╔══

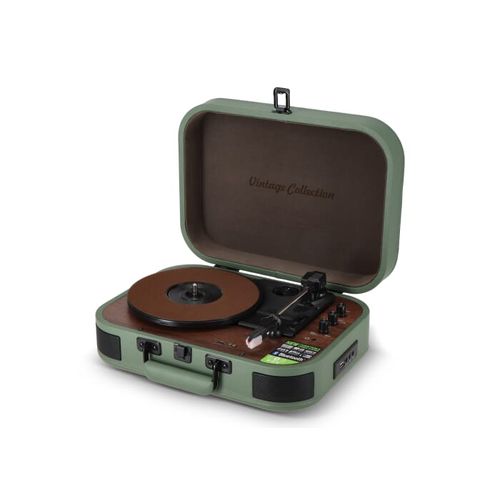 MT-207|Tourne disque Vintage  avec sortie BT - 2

╚══
╔══

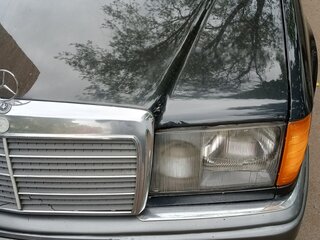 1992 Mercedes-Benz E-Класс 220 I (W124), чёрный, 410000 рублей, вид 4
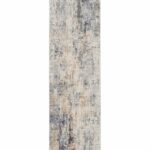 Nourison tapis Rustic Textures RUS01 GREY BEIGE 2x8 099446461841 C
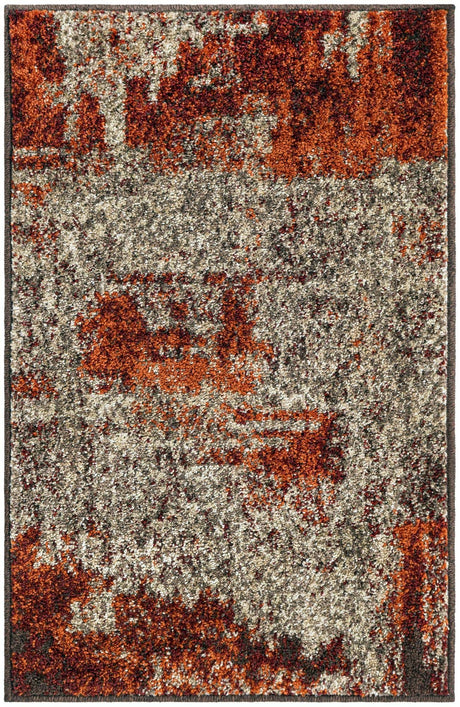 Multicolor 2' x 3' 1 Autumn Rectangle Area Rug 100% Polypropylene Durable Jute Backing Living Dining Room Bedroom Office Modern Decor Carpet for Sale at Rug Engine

╚══
╔══

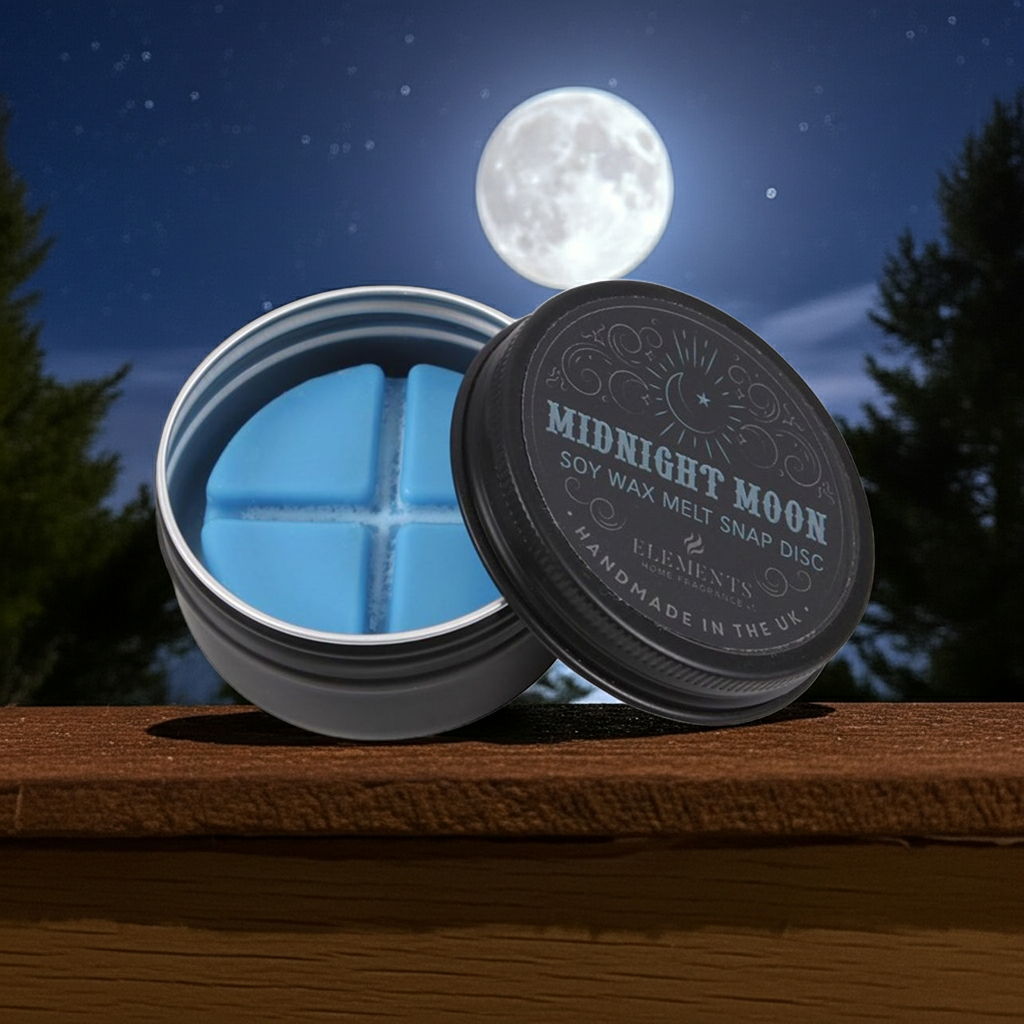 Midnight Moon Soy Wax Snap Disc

╚══

* [Problem statement] Nothing outside the stretch above, from the line with "1992 Mercedes-Benz E-Класс" through the line with "Multicolor 2' x", is set down. Transcribe that stretch exactly, ends included, but not its pictures.

* [Solution]
 1992 Mercedes-Benz E-Класс 220 I (W124), чёрный, 410000 рублей, вид 4
 Nourison tapis Rustic Textures RUS01 GREY BEIGE 2x8 099446461841 C
 Multicolor 2' x 3' 1 Autumn Rectangle Area Rug 100% Polypropylene Durable Jute Backing Living Dining Room Bedroom Office Modern Decor Carpet for Sale at Rug Engine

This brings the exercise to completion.